_What is expected_: For the data that follows, print the line with "Damen Sommerkleid mit", the line with "Careaymade-Summer New Leather", and all lines between them, exactly as they stand. Omit pictures and add nothing.

── Material shown

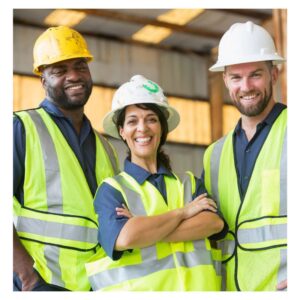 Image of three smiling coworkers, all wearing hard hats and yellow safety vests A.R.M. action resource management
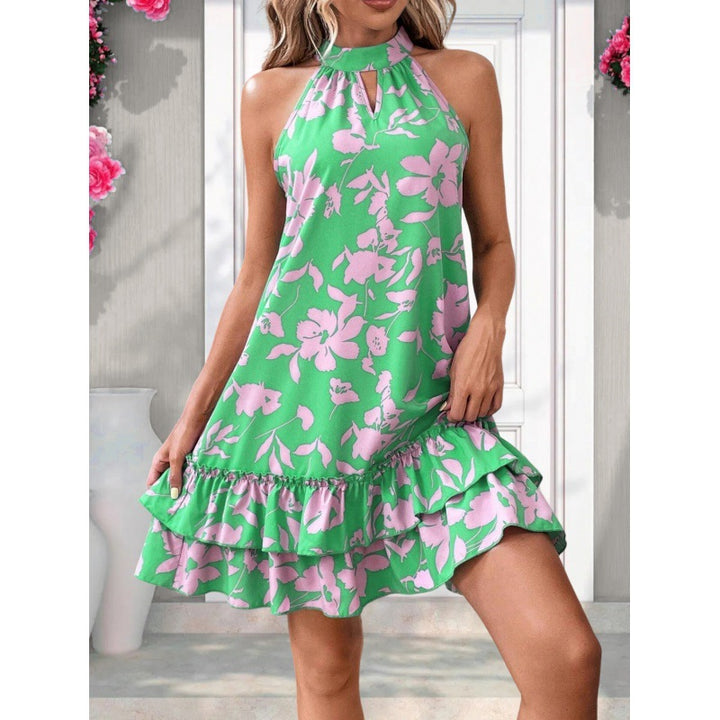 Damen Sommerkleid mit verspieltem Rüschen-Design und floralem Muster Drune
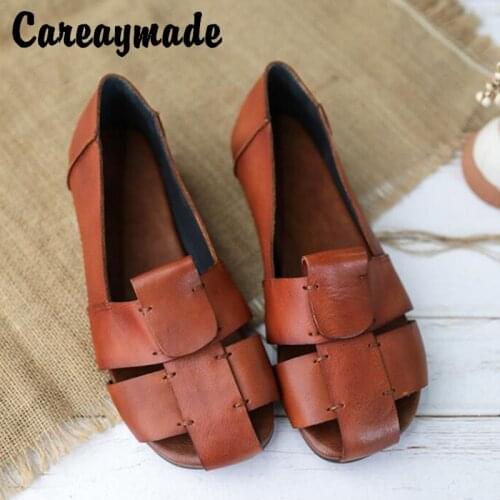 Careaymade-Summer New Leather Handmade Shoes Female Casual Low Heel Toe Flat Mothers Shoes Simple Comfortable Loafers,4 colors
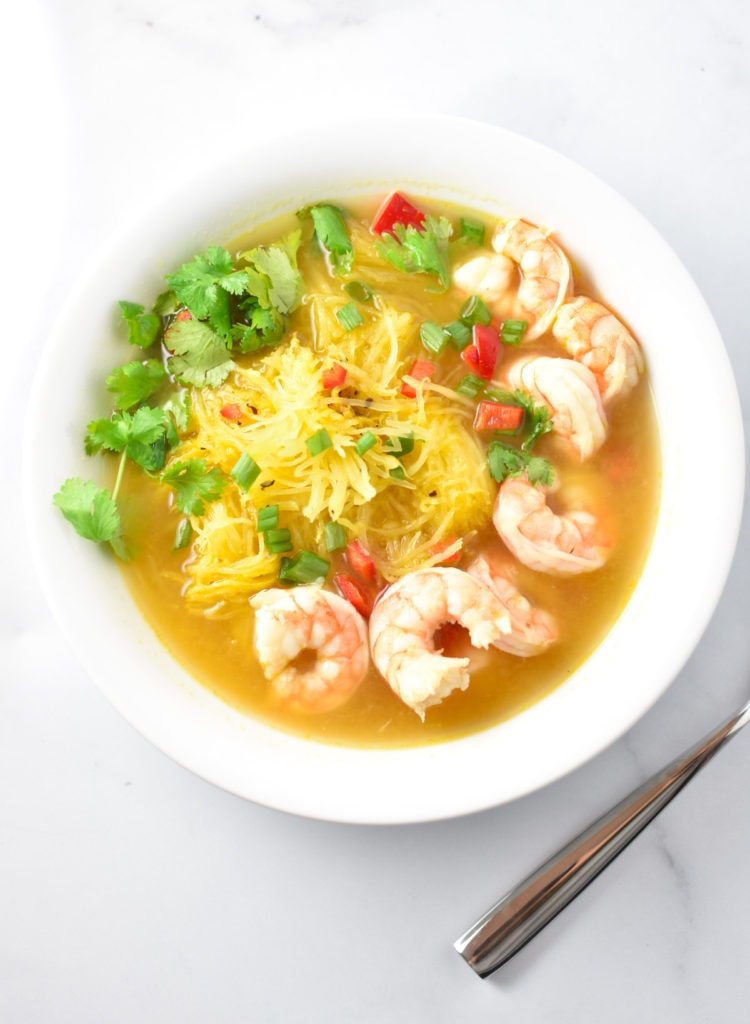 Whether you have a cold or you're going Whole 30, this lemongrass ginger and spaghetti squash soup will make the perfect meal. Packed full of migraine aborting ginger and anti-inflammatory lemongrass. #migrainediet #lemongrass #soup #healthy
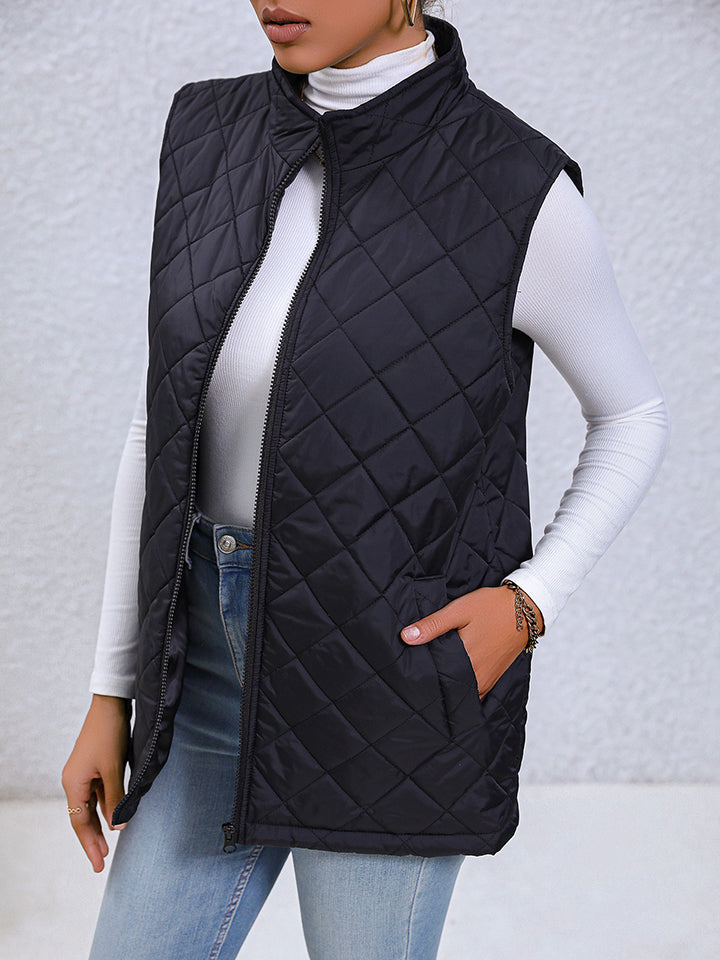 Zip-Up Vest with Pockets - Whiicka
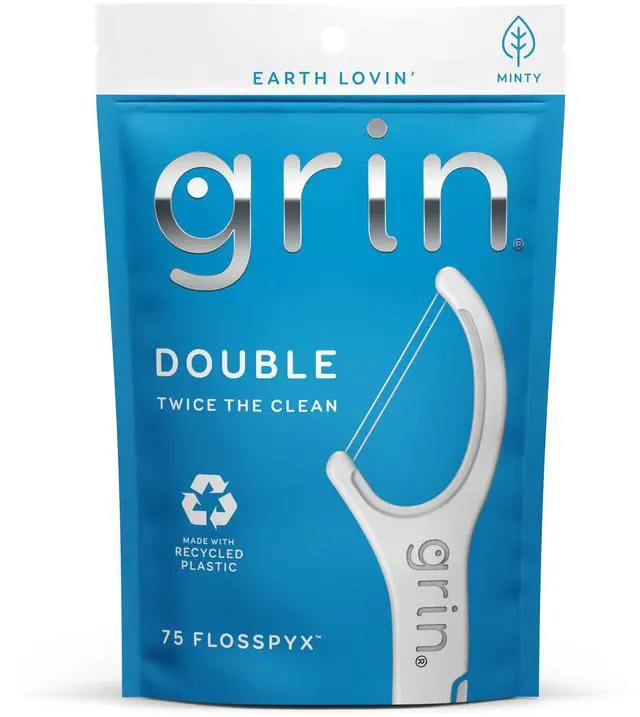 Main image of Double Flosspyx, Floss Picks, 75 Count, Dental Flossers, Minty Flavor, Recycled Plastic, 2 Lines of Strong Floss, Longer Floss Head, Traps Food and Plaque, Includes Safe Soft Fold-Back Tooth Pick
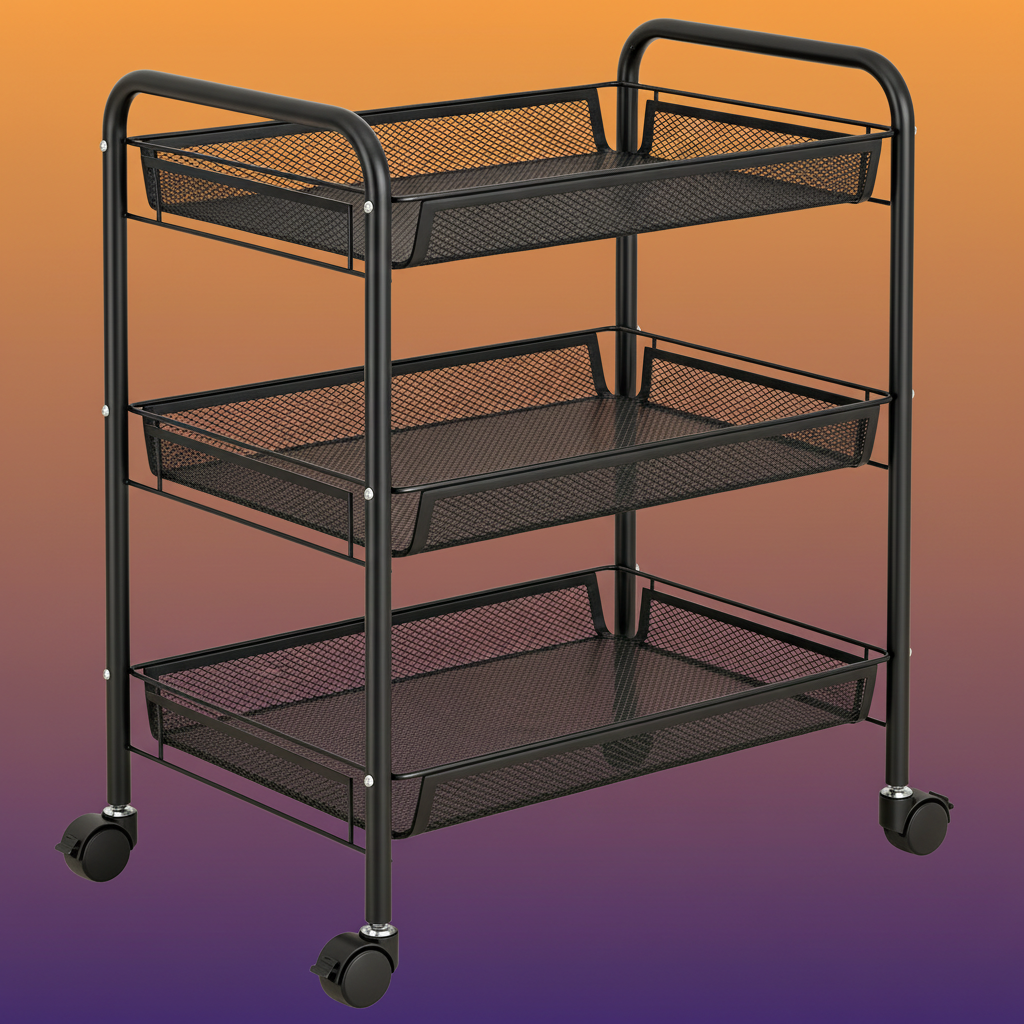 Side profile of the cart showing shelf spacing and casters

────

_Exercise solution_:
 Damen Sommerkleid mit verspieltem Rüschen-Design und floralem Muster Drune
 Careaymade-Summer New Leather Handmade Shoes Female Casual Low Heel Toe Flat Mothers Shoes Simple Comfortable Loafers,4 colors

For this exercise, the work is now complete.